On dokuzuncu yüzyılda Babıali’nin Rumeli’ye ilişkin önceliklerinden biri liman şehirleri ile iç merkezleri birbirine bağlayacak ve bunları Dersaadet’e ulaştıracak bir demiryolu ağının kurulmasıydı. Demiryollarının Osmanlı şehirlerine varışı, Balkanlarda modernite deneyimini canlandırdığı gibi, bu şehirlerin ve şehirlilerin kendileri dışındaki dünyaya ekonomik ve sosyal ağlar üzerinden entegre olabilmelerini kolaylaştırdı. Demiryolları yalnızca şehirleri bağlamakla kalmadı, aynı zamanda Osmanlı coğrafyasının sosyal, ekonomik ve mekânsal dokusunu da kökten değiştirdi.

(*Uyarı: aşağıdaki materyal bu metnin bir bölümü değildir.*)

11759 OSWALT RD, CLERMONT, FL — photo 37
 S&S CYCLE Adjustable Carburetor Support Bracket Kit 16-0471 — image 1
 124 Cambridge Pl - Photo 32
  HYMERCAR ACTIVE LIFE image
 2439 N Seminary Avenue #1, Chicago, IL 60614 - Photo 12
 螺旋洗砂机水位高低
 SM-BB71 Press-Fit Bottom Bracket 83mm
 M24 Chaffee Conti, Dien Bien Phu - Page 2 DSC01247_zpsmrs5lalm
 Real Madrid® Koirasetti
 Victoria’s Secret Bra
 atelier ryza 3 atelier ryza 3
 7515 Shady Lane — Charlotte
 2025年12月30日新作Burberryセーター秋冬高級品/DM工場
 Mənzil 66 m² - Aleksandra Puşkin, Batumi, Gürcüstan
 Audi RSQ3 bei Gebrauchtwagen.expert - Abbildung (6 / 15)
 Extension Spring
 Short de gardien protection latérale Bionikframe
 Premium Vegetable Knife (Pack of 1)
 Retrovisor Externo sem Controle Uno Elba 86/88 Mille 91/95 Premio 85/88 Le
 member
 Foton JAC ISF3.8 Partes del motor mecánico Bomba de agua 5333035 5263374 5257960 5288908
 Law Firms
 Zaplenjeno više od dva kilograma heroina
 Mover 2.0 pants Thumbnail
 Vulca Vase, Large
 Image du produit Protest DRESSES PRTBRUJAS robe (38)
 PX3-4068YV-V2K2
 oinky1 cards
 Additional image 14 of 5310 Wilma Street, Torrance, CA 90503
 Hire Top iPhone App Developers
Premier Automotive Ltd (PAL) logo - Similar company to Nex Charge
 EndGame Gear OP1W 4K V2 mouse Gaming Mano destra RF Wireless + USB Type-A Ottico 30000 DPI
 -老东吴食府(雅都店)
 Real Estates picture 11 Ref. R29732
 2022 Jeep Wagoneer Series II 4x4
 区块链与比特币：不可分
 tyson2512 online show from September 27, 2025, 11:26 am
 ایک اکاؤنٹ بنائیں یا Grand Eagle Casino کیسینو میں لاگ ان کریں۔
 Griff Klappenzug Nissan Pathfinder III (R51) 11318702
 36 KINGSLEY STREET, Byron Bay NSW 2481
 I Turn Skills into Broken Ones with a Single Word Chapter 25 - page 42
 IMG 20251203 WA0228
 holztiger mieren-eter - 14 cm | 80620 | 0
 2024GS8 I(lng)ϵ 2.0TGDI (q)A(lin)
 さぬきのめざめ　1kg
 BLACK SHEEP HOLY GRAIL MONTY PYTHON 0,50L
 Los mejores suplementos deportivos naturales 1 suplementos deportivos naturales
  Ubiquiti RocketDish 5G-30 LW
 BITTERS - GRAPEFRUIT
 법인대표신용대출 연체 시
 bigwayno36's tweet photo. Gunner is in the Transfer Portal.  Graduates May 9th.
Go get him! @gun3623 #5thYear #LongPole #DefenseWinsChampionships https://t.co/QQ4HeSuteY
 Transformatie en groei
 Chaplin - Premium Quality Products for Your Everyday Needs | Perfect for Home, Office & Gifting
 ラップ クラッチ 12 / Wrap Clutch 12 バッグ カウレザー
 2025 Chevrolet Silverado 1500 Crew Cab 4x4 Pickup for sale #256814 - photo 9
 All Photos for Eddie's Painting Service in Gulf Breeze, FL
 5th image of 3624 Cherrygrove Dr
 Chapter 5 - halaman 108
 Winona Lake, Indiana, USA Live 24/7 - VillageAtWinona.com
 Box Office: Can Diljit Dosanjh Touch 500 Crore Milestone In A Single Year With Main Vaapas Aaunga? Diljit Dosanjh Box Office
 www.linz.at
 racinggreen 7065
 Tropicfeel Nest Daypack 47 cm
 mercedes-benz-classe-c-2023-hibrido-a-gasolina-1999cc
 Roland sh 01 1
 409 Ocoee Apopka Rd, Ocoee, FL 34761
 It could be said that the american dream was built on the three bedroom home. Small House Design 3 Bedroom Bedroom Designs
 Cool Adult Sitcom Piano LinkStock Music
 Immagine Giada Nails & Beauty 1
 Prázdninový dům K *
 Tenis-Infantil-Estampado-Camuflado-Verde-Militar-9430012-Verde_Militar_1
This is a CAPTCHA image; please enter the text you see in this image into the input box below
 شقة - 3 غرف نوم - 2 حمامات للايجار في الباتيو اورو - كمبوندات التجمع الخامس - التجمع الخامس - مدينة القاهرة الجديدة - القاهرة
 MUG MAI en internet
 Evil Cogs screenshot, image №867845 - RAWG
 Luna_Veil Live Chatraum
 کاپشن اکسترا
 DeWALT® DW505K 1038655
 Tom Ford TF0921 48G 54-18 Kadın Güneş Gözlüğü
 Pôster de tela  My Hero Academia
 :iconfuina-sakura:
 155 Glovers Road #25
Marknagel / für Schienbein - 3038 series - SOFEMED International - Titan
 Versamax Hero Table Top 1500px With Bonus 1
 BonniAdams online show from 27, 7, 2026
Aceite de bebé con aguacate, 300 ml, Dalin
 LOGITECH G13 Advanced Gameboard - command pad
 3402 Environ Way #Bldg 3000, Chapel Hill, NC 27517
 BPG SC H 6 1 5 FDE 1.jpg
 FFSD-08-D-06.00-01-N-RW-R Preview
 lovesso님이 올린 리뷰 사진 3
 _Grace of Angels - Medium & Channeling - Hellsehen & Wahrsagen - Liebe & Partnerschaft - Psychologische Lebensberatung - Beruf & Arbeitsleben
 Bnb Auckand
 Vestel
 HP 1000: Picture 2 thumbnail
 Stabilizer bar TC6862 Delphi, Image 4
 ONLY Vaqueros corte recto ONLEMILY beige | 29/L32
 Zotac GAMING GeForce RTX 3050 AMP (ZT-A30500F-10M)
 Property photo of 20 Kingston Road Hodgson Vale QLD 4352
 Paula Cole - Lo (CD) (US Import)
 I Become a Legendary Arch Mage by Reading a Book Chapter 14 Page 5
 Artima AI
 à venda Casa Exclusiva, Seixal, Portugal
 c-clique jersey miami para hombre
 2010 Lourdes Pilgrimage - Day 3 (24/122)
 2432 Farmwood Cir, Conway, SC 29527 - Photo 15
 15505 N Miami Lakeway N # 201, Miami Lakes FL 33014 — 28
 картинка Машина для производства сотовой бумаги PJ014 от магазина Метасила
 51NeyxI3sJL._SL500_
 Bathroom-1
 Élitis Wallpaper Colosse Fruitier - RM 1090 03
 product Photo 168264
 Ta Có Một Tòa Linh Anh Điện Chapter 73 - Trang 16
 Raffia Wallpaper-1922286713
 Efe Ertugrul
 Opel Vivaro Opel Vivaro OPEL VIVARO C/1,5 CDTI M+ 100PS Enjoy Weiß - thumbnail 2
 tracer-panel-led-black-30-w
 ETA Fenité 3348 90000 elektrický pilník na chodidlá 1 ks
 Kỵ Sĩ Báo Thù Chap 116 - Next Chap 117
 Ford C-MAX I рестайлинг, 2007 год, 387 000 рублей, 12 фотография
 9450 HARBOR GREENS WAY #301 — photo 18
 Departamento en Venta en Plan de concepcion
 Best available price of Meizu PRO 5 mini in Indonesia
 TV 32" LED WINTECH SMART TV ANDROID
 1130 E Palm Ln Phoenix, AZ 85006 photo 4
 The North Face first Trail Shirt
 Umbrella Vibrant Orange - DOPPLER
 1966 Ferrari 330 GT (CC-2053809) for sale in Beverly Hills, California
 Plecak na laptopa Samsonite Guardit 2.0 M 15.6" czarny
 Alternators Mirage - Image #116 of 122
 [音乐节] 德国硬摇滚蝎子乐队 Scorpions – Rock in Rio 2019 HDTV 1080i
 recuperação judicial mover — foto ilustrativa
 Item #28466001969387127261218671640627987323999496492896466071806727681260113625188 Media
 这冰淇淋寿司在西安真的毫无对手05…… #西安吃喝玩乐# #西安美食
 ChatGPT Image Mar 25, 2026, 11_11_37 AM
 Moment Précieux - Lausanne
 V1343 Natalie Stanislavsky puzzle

Ahmet Erdem Tozoğlu’nun Demiryolu ve Kent adlı bu çalışması, okurlarını Osmanlı Balkan şehirlerinin iç içe geçmiş hikâyelerine ve İstanbul’dan başlayarak Balkanlara uzanan demiryolu ağının şehirler üzerindeki etkileyici serüvenine tanıklık etmeye çağırıyor. İstanbul’dan Selanik’e, Manastır’dan Edirne ve Dedeağaç’a kadar uzanan bu modernleşme ve dönüşüm yolculuğunda, arşiv belgeleri, edebi eserler ve göz alıcı görsellerle zenginleştirilmiş bir anlatı yer alıyor. Kitapta, Türkiye’de bugüne kadar daha çok ekonomik, siyasi ve askeri açılardan ele alınan demiryolları tarihine dair sosyal ve kültürel bir perspektif sunuluyor.
Önsöz
Oscar Wilde, yazar için “zihnini yaramazlık yapmaya alıştırmış olan kişi” tanımlaması yapar. Pek tabii, her aktarım gibi burada kültürden kültüre tercüme yoluyla kaybolan büyük bir içgörü var, ancak bu haliyle bile yazarlığın bir yaratıcı edim olduğu vurgusu hissedilebilir. Yazılan eser, bir tarih metni olunca bu edimin yaratıcı olduğu kadar ikna edici olma ve pek tabii ki bilimsel olma gibi bir sorumluluğu da var. İşte, yazma eylemi ile ilişkisi çoğunlukla, popüler okuyucu tarafından fazla uzman işi ve hatta “sıkıcı” bulunabilecek metinler yazmaya dair olan akademisyenlerin elinden, okurken adeta “su gibi akan” metinler çıkması çoğu zaman nadirattan. Bu kitabın kaderi de siz okuyucuların teveccühü ile şekillenecek. Temennim, mekân, toplum ve kültür tarihi arakesitinde olan bu metnin siz okurlar için keyifli anlar olarak da hafızalarda yer etmesi.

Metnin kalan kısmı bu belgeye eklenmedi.